Conservation efforts can make a real difference to local populations and 2020 was a good year for a number of scarce species that are the targets of conservation action, including large blue (which had its joint second best year), silver-spotted skipper (which had its third best year), silver-studded blue (joint fourth best year) and Duke of Burgundy (joint sixth best year).
Among the UK’s widespread butterfly species, brimstone, orange-tip and marbled white all had a good year, although their numbers were not at the exceptional levels seen in 2019.

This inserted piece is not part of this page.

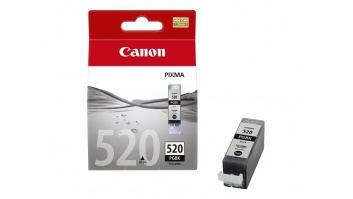 Canon PGI-520BK | Ink Cartridge | Black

After a run of four very poor years, small tortoiseshell numbers improved, showing an increase of 103% over 2019. But numbers remain below long-term average levels and the species still shows a serious (79%) decrease in abundance since 1976.
A challenging year
One species that had a particularly bad year was the small pearl-bordered fritillary. In 2020, this butterfly experienced its third worst year on record, extending a run of nine consecutive years with below average numbers.
Small pearl-bordered fritillary populations have declined by 68% since the UKBMS recording began in 1976. The migrant painted lady also had a poor year and populations of wall, grayling and small skipper all remained at a low ebb.
‘Despite 2020 being a challenging year for data gathering and conservation activity, we received nearly half a million records from more than 2,500 sites over the year.
‘We are incredibly grateful to the thousands of volunteers who were able to carry out Covid-safe monitoring and maintain this invaluable long-term dataset. This enables scientists to better assess how butterflies are faring as well as the health of our countryside generally
‘Thanks to volunteers’ efforts and advances in analytical methods, we were able to report on population levels on all but one of our UK butterfly species in 2020.’
DR MARC BOTHAM
Butterfly ecologist at the UK Centre for Ecology & Hydrology
The annual UK Butterfly Monitoring Scheme (UKBMS) is led by Butterfly Conservation, the UK Centre for Ecology & Hydrology (UKCEH), British Trust for Ornithology (BTO) and Joint Nature Conservation Committee (JNCC).